DAS FAMILIENGLÜCK NACH PLAN
    Seine Rechnung war aufgegangen. Es kam so, wie Tolstoi es in seinem Familienglück entworfen hatte: Ein älterer Herr heiratet ein junges, reines Wesen, das nach einiger Eingewöhnung zur richtigen Frau, Freundin, Mitarbeiterin und Mutter wird. Die nächsten anderthalb Jahrzehnte waren in der Tat die produktivsten für ihn und – nicht zu vergessen – die fruchtbarsten für die Weltliteratur. In dieser Zeit entstanden beide großen Romane: Krieg und Frieden und Anna Karenina . An allem, was er tat, hatte auch sie Anteil, die Gräfin Sofja Tolstaja. Mit ihrer angeborenen Geschäftstüchtigkeit stabilisierte sie die Familienwirtschaft (nicht nur die Landwirtschaft, auch auf seine Honorare warf sie einen aufmerksamen Blick), was zu einer erheblichen Erhöhung der Einkünfte führte, sie war seine erste Leserin
und«Reinschreiberin»(allein das Krieg und Frieden -Manuskript schrieb sie siebenmal nacheinander ins Reine). Sie gebar ihm dreizehn Kinder (bei sechzehn Schwangerschaften). Das war sicher kein ungetrübtes Familienleben, beide waren sehr impulsiv, um nicht zu sagen hysterisch, und die Fetzen flogen sehr oft im Herrenhaus Jasnaja Poljana, aber im Großen und Ganzen durften sie stolz sein auf das, was sie gemeinsam geschaffen hatten – ein literarisches und wirtschaftliches Tolstoi-Imperium. Wenn es nicht bei Lew Tolstoi eine andere Beziehung gegeben hätte, die ihm verbot, dieses Leben so weiterzuleben – weiter schöne (und gutes Geld bringende) Romane und Erzählungen zu schreiben, weiter Bauernkinder zu unterrichten, weiter Grafenkinder zu zeugen, diese zu erziehen und in die weite Welt zu entlassen (was aber dennoch geschah, der Graf wurde oft rückfällig, und nicht nur im ehelichen Bett, auch am dichterischen Schreibtisch), sich weiter mit seiner Frau zu bekriegen und zu versöhnen, bis dass der Tod sie scheiden würde. Und damit ist der Hauptrivale von Sofja Andrejewna genannt: der Tod.
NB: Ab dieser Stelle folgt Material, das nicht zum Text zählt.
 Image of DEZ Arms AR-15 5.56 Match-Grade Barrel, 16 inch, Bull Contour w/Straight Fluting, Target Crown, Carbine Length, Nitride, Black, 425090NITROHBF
    Oft wird missverstanden, warum Lew Tolstoi all diese schmerzlichen Wendungen in seinem Leben vollzog, warum er allem entsagen wollte,
was er geschaffen hatte, was ihn groß und berühmt gemacht hatte. Oft sieht man seine Besessenheit von Moral- und Religionsfragen entweder als eine Sache des unermesslichen Stolzes und Ehrgeizes oder als eine lächerliche Marotte. Doch für Tolstoi war sie eine Lebensnotwendigkeit.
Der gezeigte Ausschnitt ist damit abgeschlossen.